To utilize a rotovator for a comparative low energy planet to orbit transfer, a hypersonic shuttle takes a payload up to rendezvous with one end of a rotating tether, consisting of two artificial satellites joined by a line in tension and rotating around a common centre of gravity. Once the payload is attached the tether continues to rotate until the payload is in orbit, however with a lower centre of gravity.

For interplanetary transfer, a payload is attached to a rotovator in an elliptical planetary orbit which tosses it towards a neighboring planet, where a second tether meets it and rotates it into orbit or even directly to the surface on a low gravity moon. The kinetic energy acquired by the receiving tether can be used in part to return payloads and maintain a dynamic equilibrium. If the tether loses too much knetic energy the shortfall can be replaced using photovoltaic panels or other forms of propulsion.

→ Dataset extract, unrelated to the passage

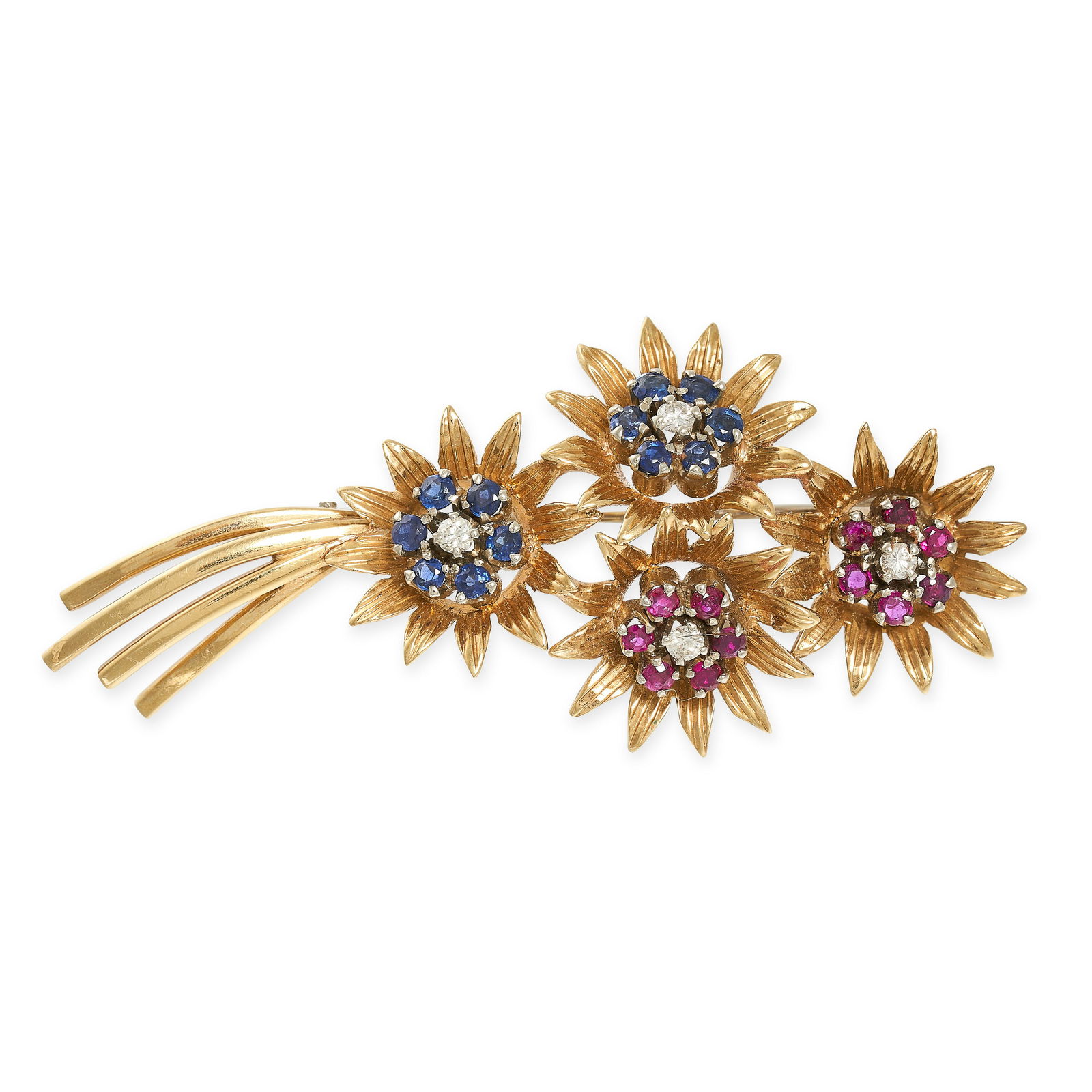 NO RESERVE - A VINTAGE GEMSET FLOWER SPRAY BROOCH in 18ct yellow gold, designed as a bouquet of (1 of 2)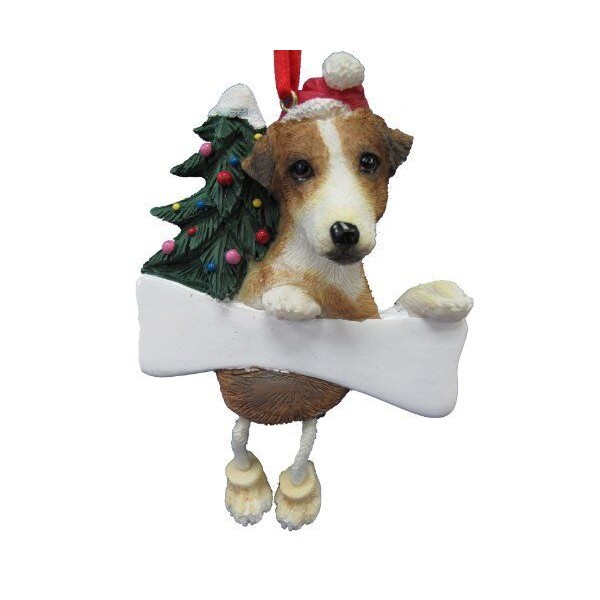 E&S Pets Jack Russell Ornament with "Dangling Legs" Hand Painted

These systems are popular with developing solar systems in the outer volumes where energy and advanced technology are expensive. Large extravagant rotovator systems are used in many MPA systems, apparently just for entertainment and general exuberance. Most advanced polities and angelnet protectorates prefer static space elevators using advanced materials and powered orbital transfers giving the advantage of controllability.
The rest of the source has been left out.